# Double track trestle bridge?



## tacfoley (Jan 3, 2008)

Mornin', All - anyone out there built a double track trestle on a curve? I'm sick of looking at my barely disguised Dexion girder bridge and have a this desperate need to bash some wood together to make myself a more imposing means of joining two parts of the track together.

I managed to find myself about 800 feet of store-damaged redwood in various rectangular dimensions from 1/2x1/2 right up to 1x1....should be able to hack something out of that, eh?

TIA for any pix 
tac
www.ovgrs.org
Supporter of the Cape Meares Lighthouse Restoration Fund


----------



## ralphbrades (Jan 3, 2008)

Terry,

I don't have a double track -but I do have a few single track trestles in my collection... 

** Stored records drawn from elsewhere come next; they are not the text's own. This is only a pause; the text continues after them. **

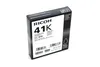 Ricoh Patrone GC41K       black      2400 Seiten      Produktbild-Vorschau 9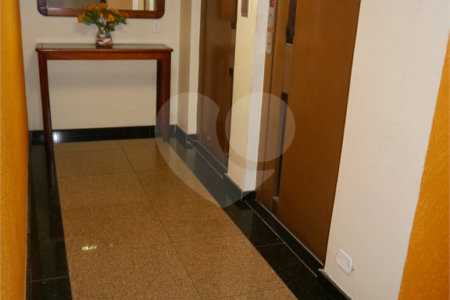 Apartamento à venda com 2 quartos, sendo 1 suíte, em Engenho Novo, Rio de Janeiro, RJ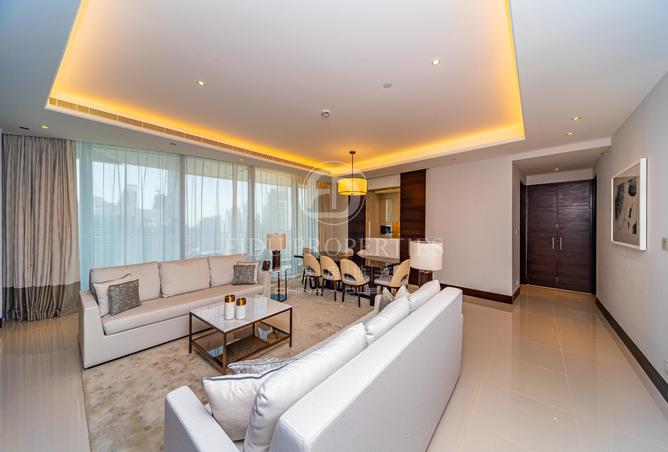 16049057 - Property Main Image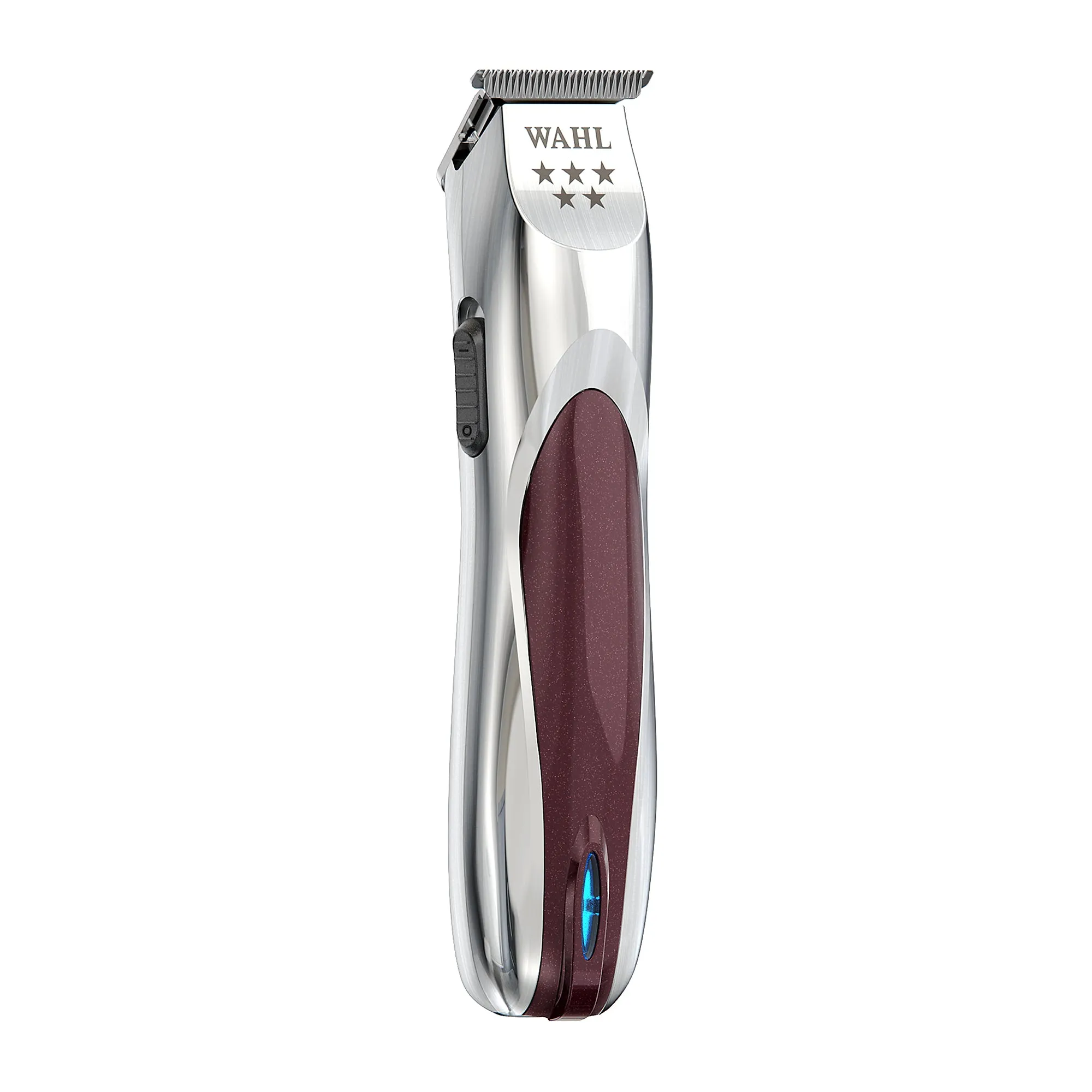 Wahl ALIGN Trimmer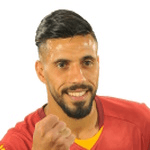 Абдалла Махмуд Мохамед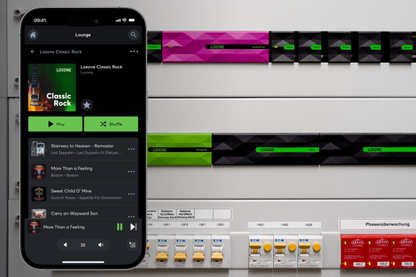 Audioserver 100428 2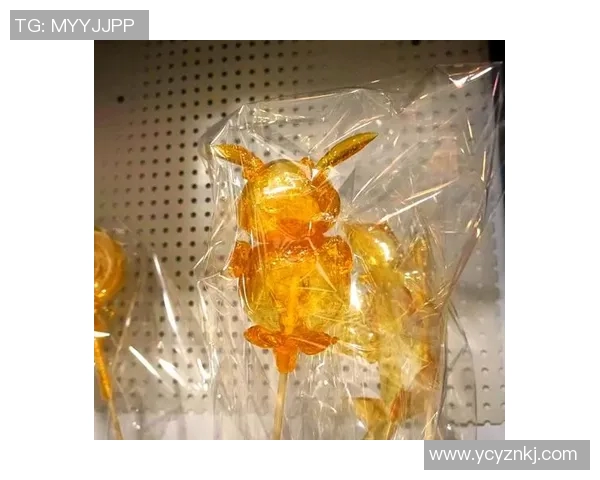 足球明星与糖人艺术的奇妙碰撞展现了运动与创意的完美结合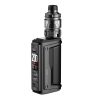 Voopoo PnP DW60 0.6ohm Coils – Pack Of 3 & 5 Coils Accessories vapestation Voopoo-Argus-GT-2-Starter-Kit-200W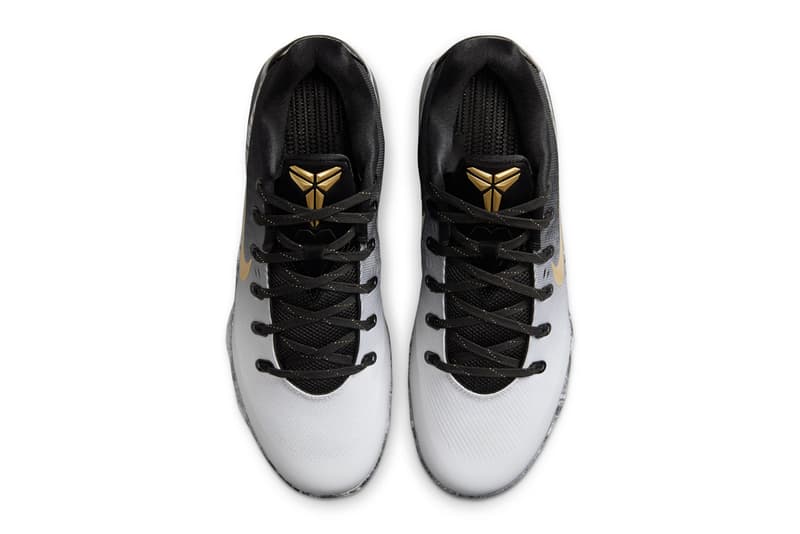 Nike Kobe 9 EM Mambacita FZ7333-001 Release Date info store list buying guide photos price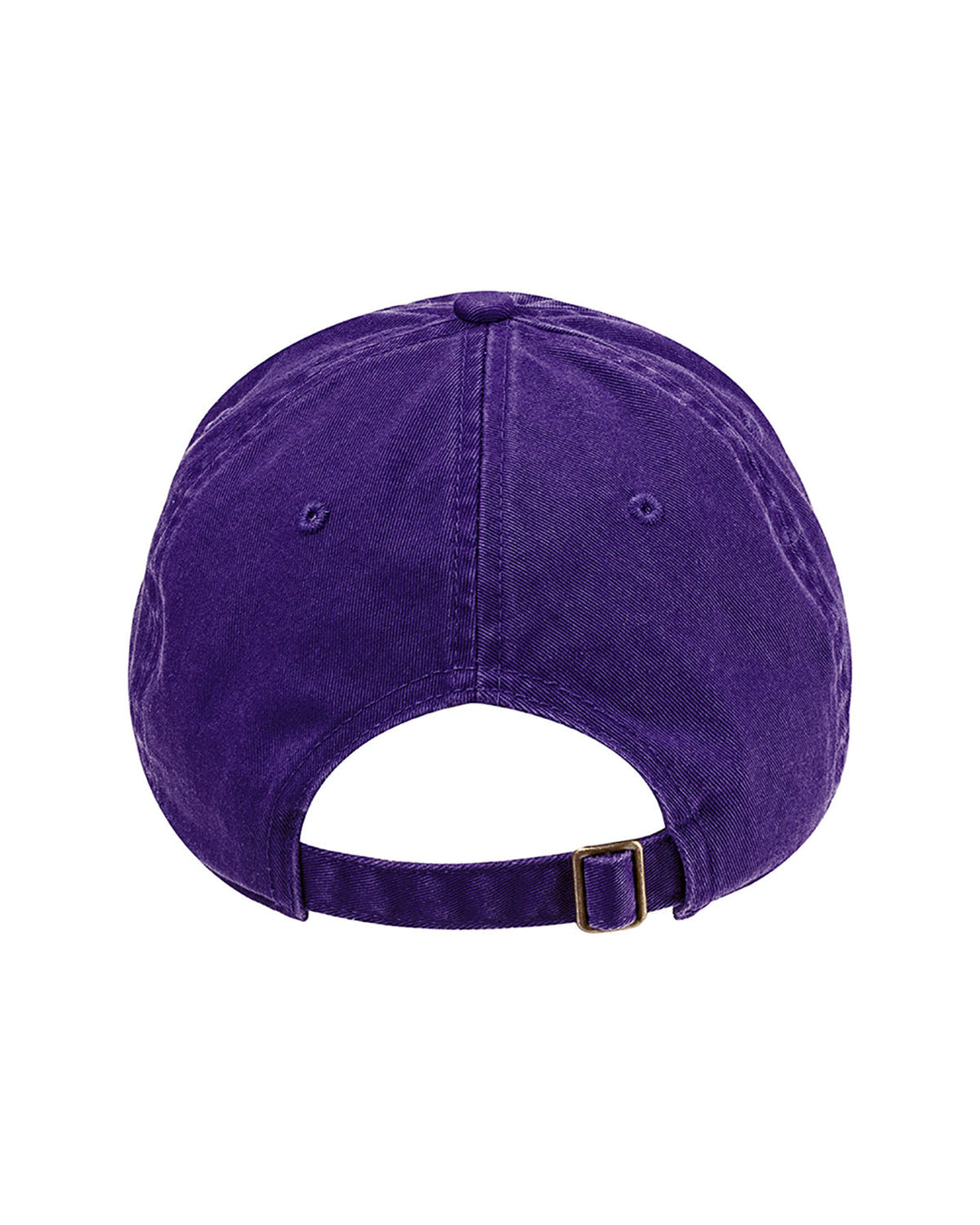 econscious Unstructured Eco Baseball Cap econscious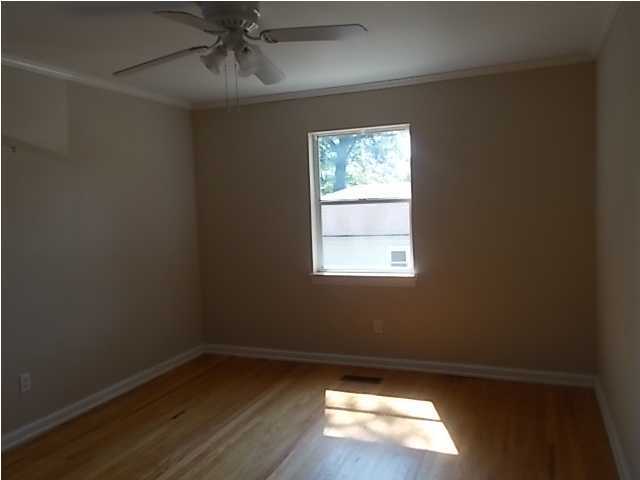 1415 Brenda Road Chattanooga, TN 37415 - Photo 4 of 10 Additional Photo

Try here: http://www.cabbagepatchrailway.co.uk/trestle.html

Feel free to grab copies of anything you like.

regards

ralph


----------



## John J (Dec 29, 2007)

Ralph Your Link comes up Page Not Found.


----------



## ralphbrades (Jan 3, 2008)

JJ, 

There was some "garble" at the end of the URL -sorry about that! 

regards 

ralph


----------



## John J (Dec 29, 2007)

WOW Ralph...what a great colection of blue prints. With "Handy Converter" software....one could build any one of those bridges to scale


----------



## tacfoley (Jan 3, 2008)

Yo, Ralph, that's really great!!! Thank you SOOO much! I'm pretty much hung up on the Oregon Pacific trestle design, so I'll be copying that one.

Thanks again.

tac
www.ovgrs.org
Supporter of the Cape Meares Lighthhouse Restoration Fund


----------



## coyote97 (Apr 5, 2009)

dont forget about me......

Nice to hear something from you.
Greetings

Frank


----------